Return all of the entries below, word for word. Omit each picture.
-- Input records follows --
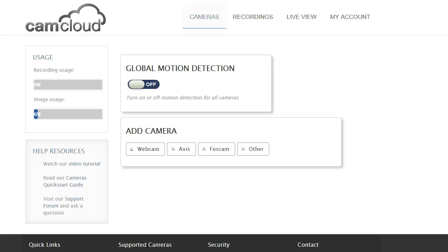Hello, welcome to this short video demo where I'll show you how to add Foscam IP cameras to CamCloud.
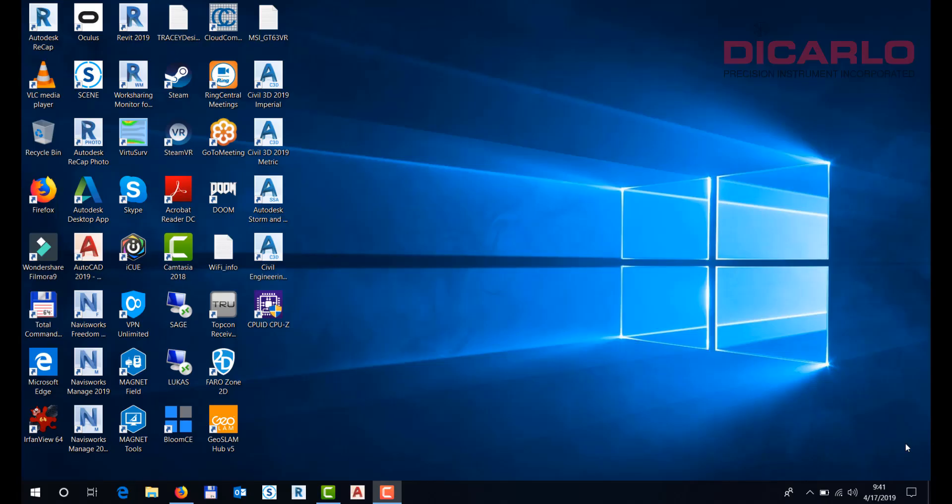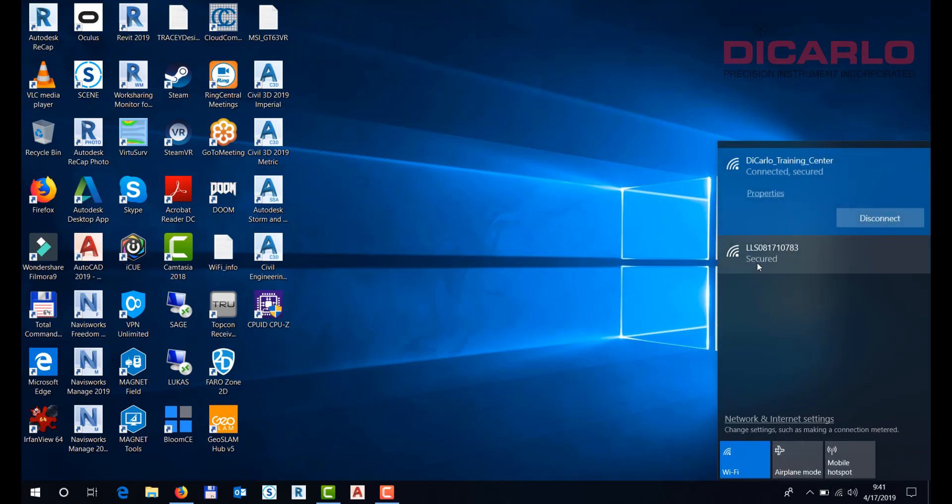All right guys, this will be a quick video on how to access your scans from X-series or S-series FARO scanners remotely. The first prerequisite is you have to have Wi-Fi or a LAN connection to your scanner.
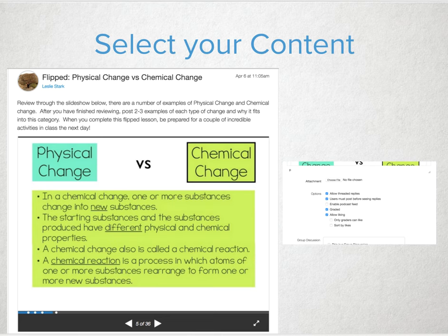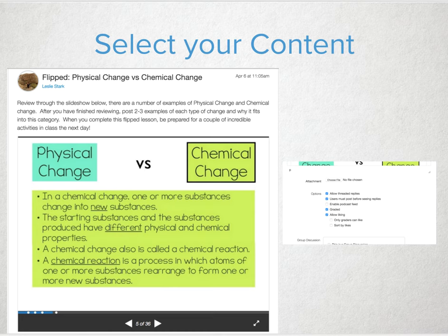Let's take a really fun end-of-the-year elementary activity on physical versus chemical reactions — Mentos and Diet Coke. Everyone loves the sticky science experiment. Flip this lesson by sharing with students information on physical and chemical changes and how to classify them. Open up a discussion to go with the video or slide deck that you're sharing, and ask students to come up with items that fall into each category.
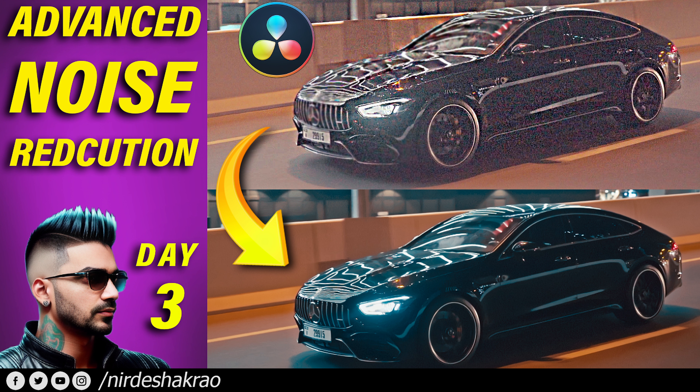In this video, we are going to talk about advanced noise reduction and color grading. I am going to use some of those nodes. Those who don't have clarity about nodes, I recommend that you watch the last video, which was Day 2.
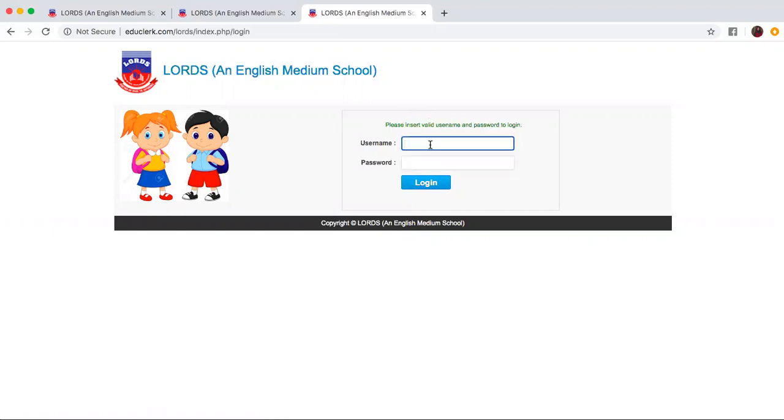To further demonstrate let me show you an example. If your student ID is one six zero one five eight and the password one two three four five six.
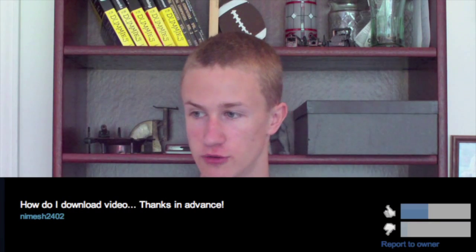The highest rated suggestion each weekend I'll try to do a video response and answer that question. The reason I wasn't able to do it this weekend was because I was having some problems recording. The highest rated suggestion this week was from Nimesh2402 and it was 'how do I download video, thanks in advance.' I actually already have a video up on how to do that — how to download YouTube songs and videos on a Mac for free — and I'll put the link right here.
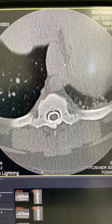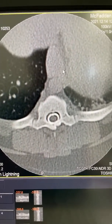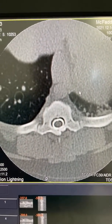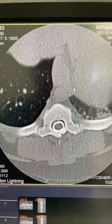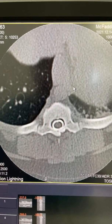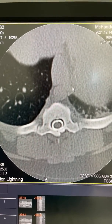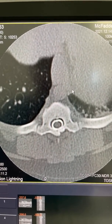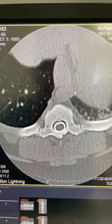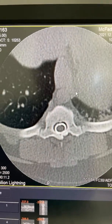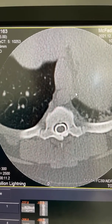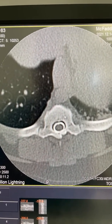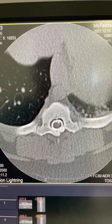Hi guys, this is Charles. I'm one of the surgeons at Southpaws and I've just done a myelogram for you on a live video short story, and I was just showing you the post-myelogram CT scan to see what it looks like with the contrast in place.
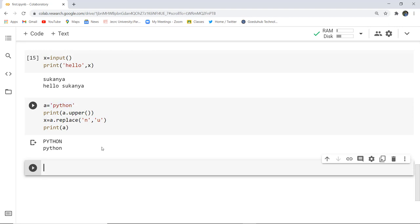By the end of this video we have discussed strings, which are also a data type in Python. For the next data type, we will continue in upcoming videos.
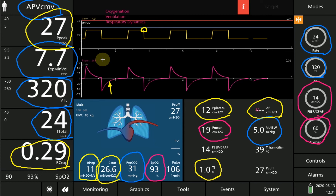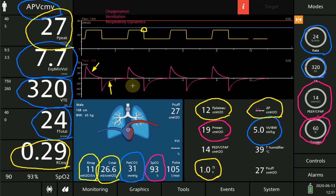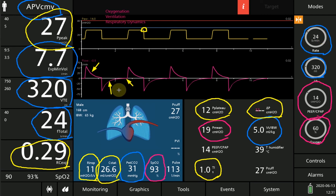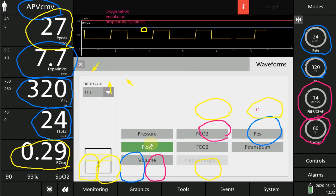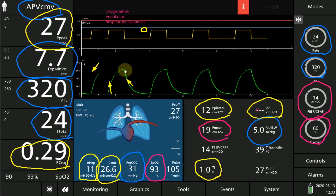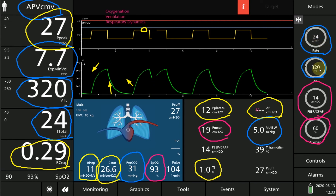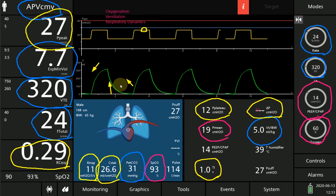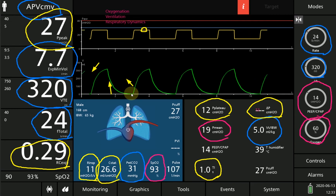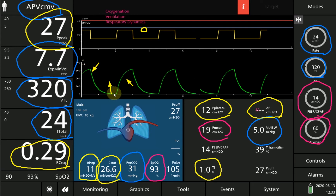The inspiratory flow shape is a decelerating wave and the expiratory flow returns all the way back to zero before the next breath, meaning there is no dynamic hyperinflation with this ventilation. You can also determine that the rate could be increased slightly without major influence on expiratory flow. On the volume-over-time curve, volume rises to the targeted tidal volume of 320 ml on inspiration and returns to zero on expiration with no air leak — the lung is completely emptied.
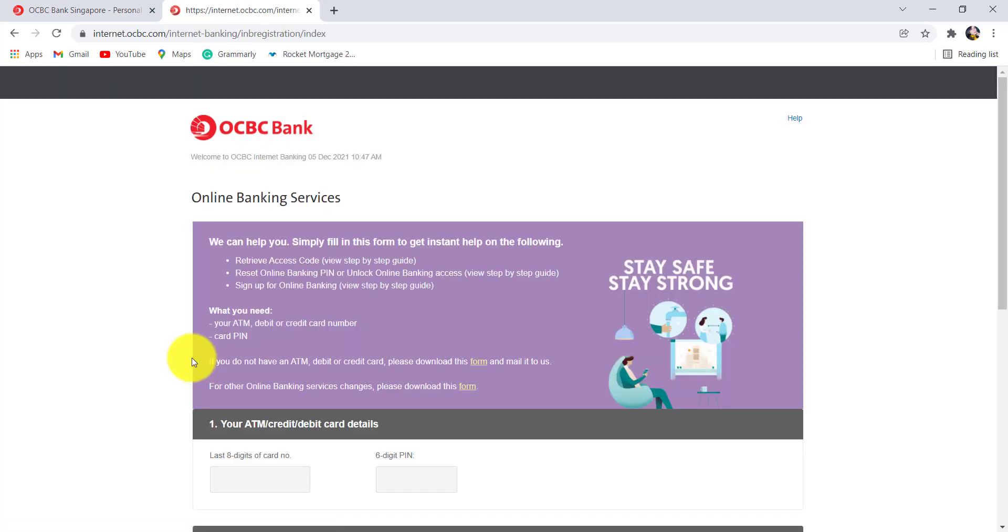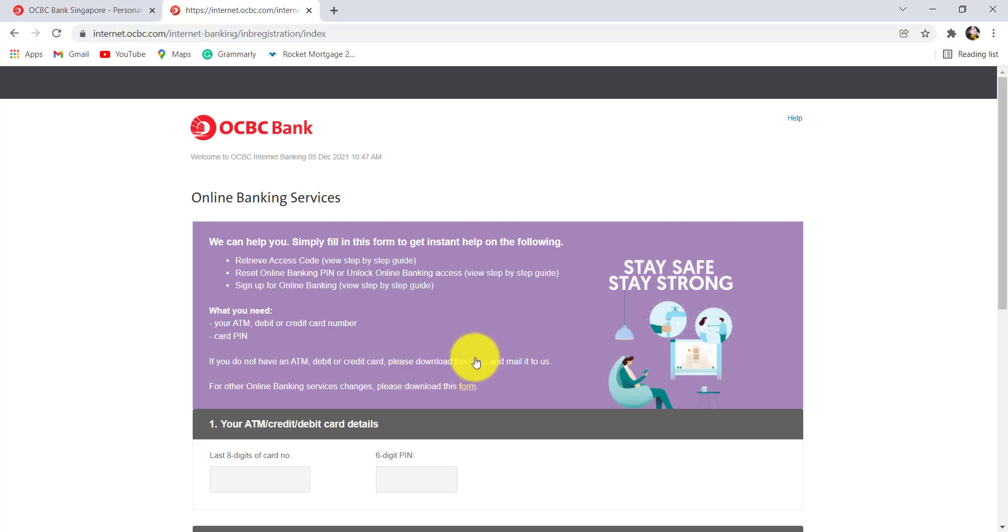To register, you'll need your ATM debit or credit card number and card pin. If you don't have an ATM debit or credit card, then you can download the form by clicking on the form right here and mail it to the bank.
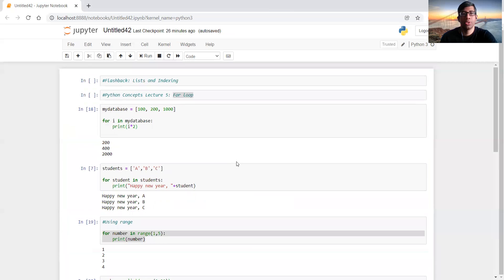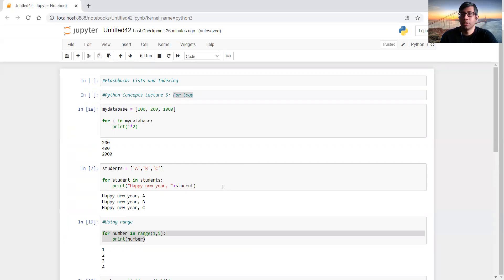That's what I had to share about for loops, which lets you reduce a ton of workload by efficiently iterating over data. The next lecture will be on if statements and conditionals — see you there.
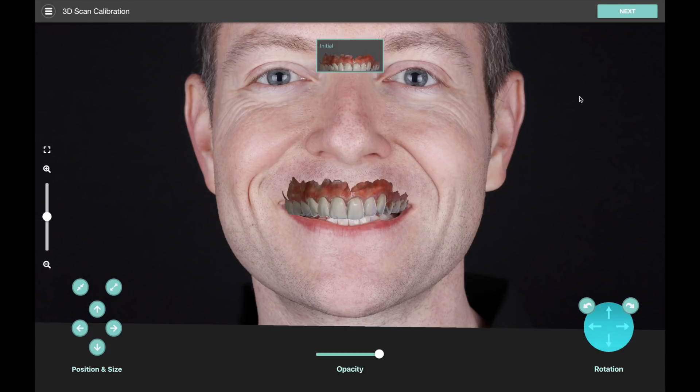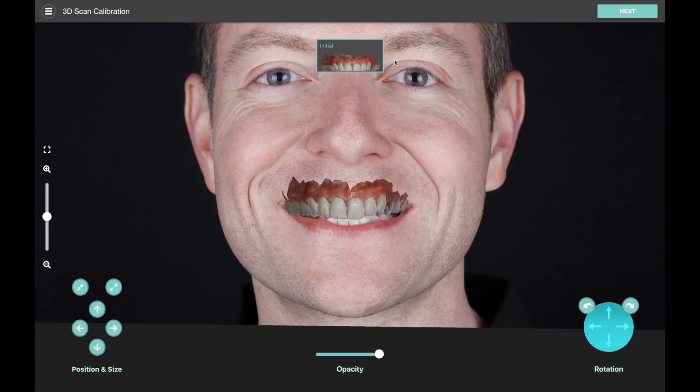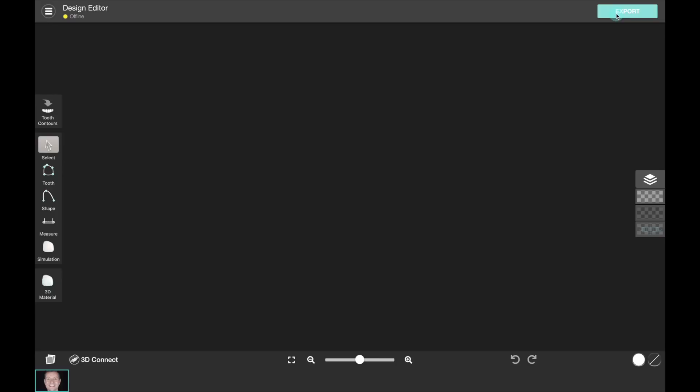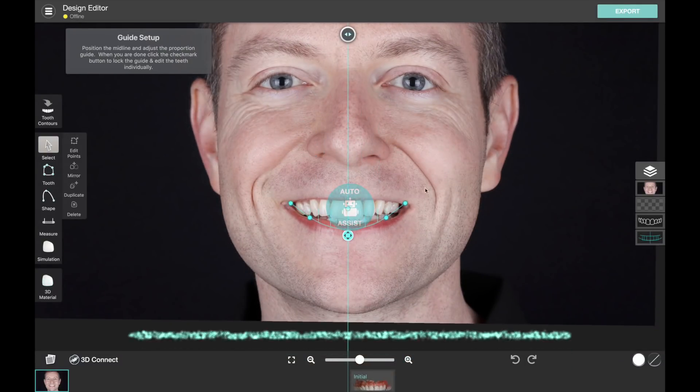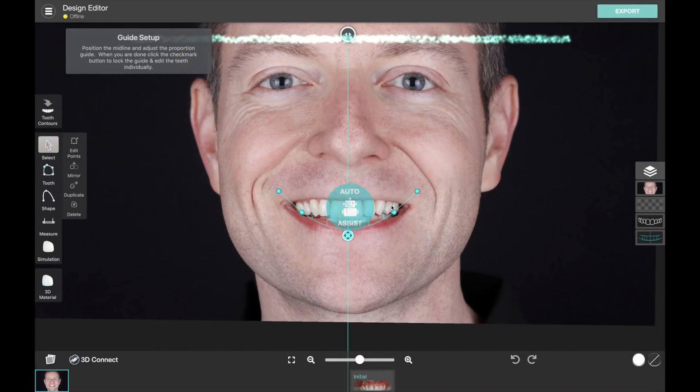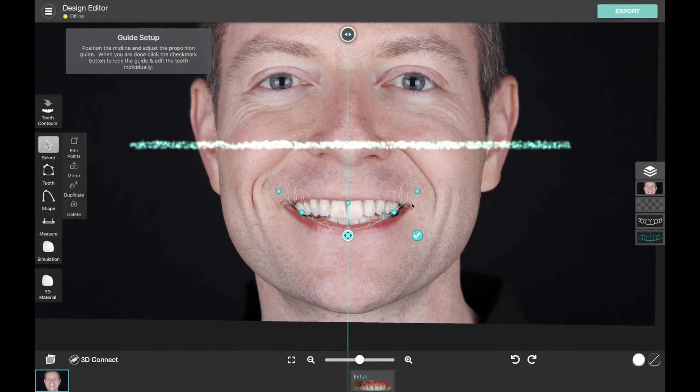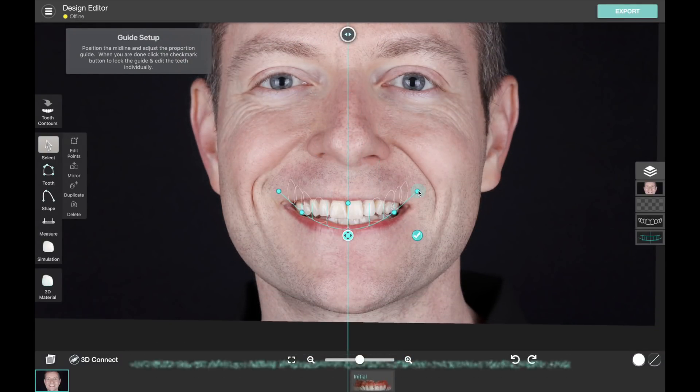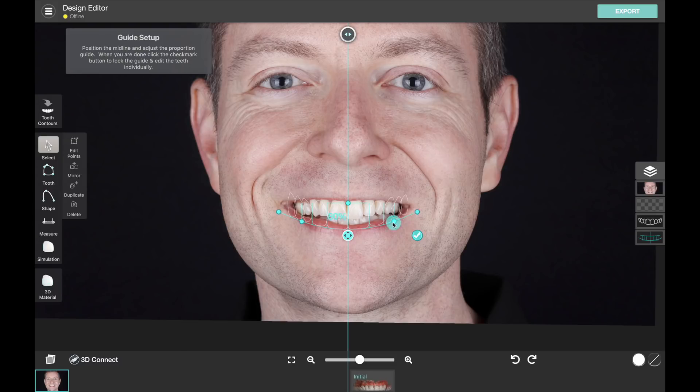So once we've done that, we're ready to go to the next step. Now if you bring in other model files, you can match them up as well or just use the same orientation as the initial scan. This 3D support is really useful for doing quality control and also for showing the patient different steps of the process as you go along.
-- Input records concluded --
_Answer below_.
Hello, welcome to this short video demo where I'll show you how to add Foscam IP cameras to CamCloud.
All right guys, this will be a quick video on how to access your scans from X-series or S-series FARO scanners remotely. The first prerequisite is you have to have Wi-Fi or a LAN connection to your scanner.
Let's take a really fun end-of-the-year elementary activity on physical versus chemical reactions — Mentos and Diet Coke. Everyone loves the sticky science experiment. Flip this lesson by sharing with students information on physical and chemical changes and how to classify them. Open up a discussion to go with the video or slide deck that you're sharing, and ask students to come up with items that fall into each category.
In this video, we are going to talk about advanced noise reduction and color grading. I am going to use some of those nodes. Those who don't have clarity about nodes, I recommend that you watch the last video, which was Day 2.
To further demonstrate let me show you an example. If your student ID is one six zero one five eight and the password one two three four five six.
The highest rated suggestion each weekend I'll try to do a video response and answer that question. The reason I wasn't able to do it this weekend was because I was having some problems recording. The highest rated suggestion this week was from Nimesh2402 and it was 'how do I download video, thanks in advance.' I actually already have a video up on how to do that — how to download YouTube songs and videos on a Mac for free — and I'll put the link right here.
Hi guys, this is Charles. I'm one of the surgeons at Southpaws and I've just done a myelogram for you on a live video short story, and I was just showing you the post-myelogram CT scan to see what it looks like with the contrast in place.
By the end of this video we have discussed strings, which are also a data type in Python. For the next data type, we will continue in upcoming videos.
The inspiratory flow shape is a decelerating wave and the expiratory flow returns all the way back to zero before the next breath, meaning there is no dynamic hyperinflation with this ventilation. You can also determine that the rate could be increased slightly without major influence on expiratory flow. On the volume-over-time curve, volume rises to the targeted tidal volume of 320 ml on inspiration and returns to zero on expiration with no air leak — the lung is completely emptied.
To register, you'll need your ATM debit or credit card number and card pin. If you don't have an ATM debit or credit card, then you can download the form by clicking on the form right here and mail it to the bank.
That's what I had to share about for loops, which lets you reduce a ton of workload by efficiently iterating over data. The next lecture will be on if statements and conditionals — see you there.
So once we've done that, we're ready to go to the next step. Now if you bring in other model files, you can match them up as well or just use the same orientation as the initial scan. This 3D support is really useful for doing quality control and also for showing the patient different steps of the process as you go along.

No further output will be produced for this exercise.